◆ Work required ◆
Would you set down each line of the data below exactly?

─── Given information

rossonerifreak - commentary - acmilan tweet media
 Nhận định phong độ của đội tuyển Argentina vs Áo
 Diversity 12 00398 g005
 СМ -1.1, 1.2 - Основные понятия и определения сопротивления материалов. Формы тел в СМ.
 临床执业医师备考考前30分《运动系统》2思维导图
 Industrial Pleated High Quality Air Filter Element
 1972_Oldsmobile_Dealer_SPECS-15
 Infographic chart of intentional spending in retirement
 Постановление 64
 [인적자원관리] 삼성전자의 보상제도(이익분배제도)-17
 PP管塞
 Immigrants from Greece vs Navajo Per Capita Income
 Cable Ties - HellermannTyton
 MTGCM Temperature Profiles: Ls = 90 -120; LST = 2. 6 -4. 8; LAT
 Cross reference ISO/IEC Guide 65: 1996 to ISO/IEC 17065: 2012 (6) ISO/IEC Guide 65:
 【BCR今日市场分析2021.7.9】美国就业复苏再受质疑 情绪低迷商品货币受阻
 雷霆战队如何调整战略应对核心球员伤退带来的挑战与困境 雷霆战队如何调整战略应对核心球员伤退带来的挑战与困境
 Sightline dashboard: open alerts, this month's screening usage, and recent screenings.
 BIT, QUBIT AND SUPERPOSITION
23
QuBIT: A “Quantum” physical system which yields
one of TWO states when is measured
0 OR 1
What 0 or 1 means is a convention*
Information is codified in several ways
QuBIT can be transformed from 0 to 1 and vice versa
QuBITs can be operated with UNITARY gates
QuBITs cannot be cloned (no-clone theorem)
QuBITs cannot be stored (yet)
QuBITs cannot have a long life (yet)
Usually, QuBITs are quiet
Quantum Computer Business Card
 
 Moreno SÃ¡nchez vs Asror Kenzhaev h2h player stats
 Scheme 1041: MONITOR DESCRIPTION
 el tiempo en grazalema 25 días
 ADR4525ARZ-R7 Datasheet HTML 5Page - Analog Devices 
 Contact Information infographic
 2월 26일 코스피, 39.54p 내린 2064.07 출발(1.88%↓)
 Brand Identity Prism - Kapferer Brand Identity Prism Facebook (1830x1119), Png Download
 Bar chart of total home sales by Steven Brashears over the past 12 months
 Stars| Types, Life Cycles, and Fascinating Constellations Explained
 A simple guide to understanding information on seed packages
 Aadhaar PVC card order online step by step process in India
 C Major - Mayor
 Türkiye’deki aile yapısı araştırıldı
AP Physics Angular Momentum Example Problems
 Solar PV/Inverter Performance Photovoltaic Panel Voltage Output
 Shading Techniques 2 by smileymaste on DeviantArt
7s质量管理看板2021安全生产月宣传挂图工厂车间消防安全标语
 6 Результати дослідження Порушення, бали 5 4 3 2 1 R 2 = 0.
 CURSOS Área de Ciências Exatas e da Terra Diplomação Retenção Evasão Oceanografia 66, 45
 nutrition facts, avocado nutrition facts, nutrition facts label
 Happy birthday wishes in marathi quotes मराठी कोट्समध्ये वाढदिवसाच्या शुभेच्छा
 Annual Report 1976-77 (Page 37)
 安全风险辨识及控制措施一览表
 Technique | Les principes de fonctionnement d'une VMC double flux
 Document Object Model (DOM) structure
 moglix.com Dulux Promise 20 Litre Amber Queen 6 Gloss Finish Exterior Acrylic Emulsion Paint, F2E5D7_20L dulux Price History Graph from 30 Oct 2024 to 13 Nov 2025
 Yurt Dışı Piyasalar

──────

◆ Exercise result ◆
rossonerifreak - commentary - acmilan tweet media
 Nhận định phong độ của đội tuyển Argentina vs Áo
 Diversity 12 00398 g005
 СМ -1.1, 1.2 - Основные понятия и определения сопротивления материалов. Формы тел в СМ.
 临床执业医师备考考前30分《运动系统》2思维导图
 Industrial Pleated High Quality Air Filter Element
 1972_Oldsmobile_Dealer_SPECS-15
 Infographic chart of intentional spending in retirement
 Постановление 64
 [인적자원관리] 삼성전자의 보상제도(이익분배제도)-17
 PP管塞
 Immigrants from Greece vs Navajo Per Capita Income
 Cable Ties - HellermannTyton
 MTGCM Temperature Profiles: Ls = 90 -120; LST = 2. 6 -4. 8; LAT
 Cross reference ISO/IEC Guide 65: 1996 to ISO/IEC 17065: 2012 (6) ISO/IEC Guide 65:
 【BCR今日市场分析2021.7.9】美国就业复苏再受质疑 情绪低迷商品货币受阻
 雷霆战队如何调整战略应对核心球员伤退带来的挑战与困境 雷霆战队如何调整战略应对核心球员伤退带来的挑战与困境
 Sightline dashboard: open alerts, this month's screening usage, and recent screenings.
 BIT, QUBIT AND SUPERPOSITION
23
QuBIT: A “Quantum” physical system which yields
one of TWO states when is measured
0 OR 1
What 0 or 1 means is a convention*
Information is codified in several ways
QuBIT can be transformed from 0 to 1 and vice versa
QuBITs can be operated with UNITARY gates
QuBITs cannot be cloned (no-clone theorem)
QuBITs cannot be stored (yet)
QuBITs cannot have a long life (yet)
Usually, QuBITs are quiet
Quantum Computer Business Card
 
 Moreno SÃ¡nchez vs Asror Kenzhaev h2h player stats
 Scheme 1041: MONITOR DESCRIPTION
 el tiempo en grazalema 25 días
 ADR4525ARZ-R7 Datasheet HTML 5Page - Analog Devices 
 Contact Information infographic
 2월 26일 코스피, 39.54p 내린 2064.07 출발(1.88%↓)
 Brand Identity Prism - Kapferer Brand Identity Prism Facebook (1830x1119), Png Download
 Bar chart of total home sales by Steven Brashears over the past 12 months
 Stars| Types, Life Cycles, and Fascinating Constellations Explained
 A simple guide to understanding information on seed packages
 Aadhaar PVC card order online step by step process in India
 C Major - Mayor
 Türkiye’deki aile yapısı araştırıldı
AP Physics Angular Momentum Example Problems
 Solar PV/Inverter Performance Photovoltaic Panel Voltage Output
 Shading Techniques 2 by smileymaste on DeviantArt
7s质量管理看板2021安全生产月宣传挂图工厂车间消防安全标语
 6 Результати дослідження Порушення, бали 5 4 3 2 1 R 2 = 0.
 CURSOS Área de Ciências Exatas e da Terra Diplomação Retenção Evasão Oceanografia 66, 45
 nutrition facts, avocado nutrition facts, nutrition facts label
 Happy birthday wishes in marathi quotes मराठी कोट्समध्ये वाढदिवसाच्या शुभेच्छा
 Annual Report 1976-77 (Page 37)
 安全风险辨识及控制措施一览表
 Technique | Les principes de fonctionnement d'une VMC double flux
 Document Object Model (DOM) structure
 moglix.com Dulux Promise 20 Litre Amber Queen 6 Gloss Finish Exterior Acrylic Emulsion Paint, F2E5D7_20L dulux Price History Graph from 30 Oct 2024 to 13 Nov 2025
 Yurt Dışı Piyasalar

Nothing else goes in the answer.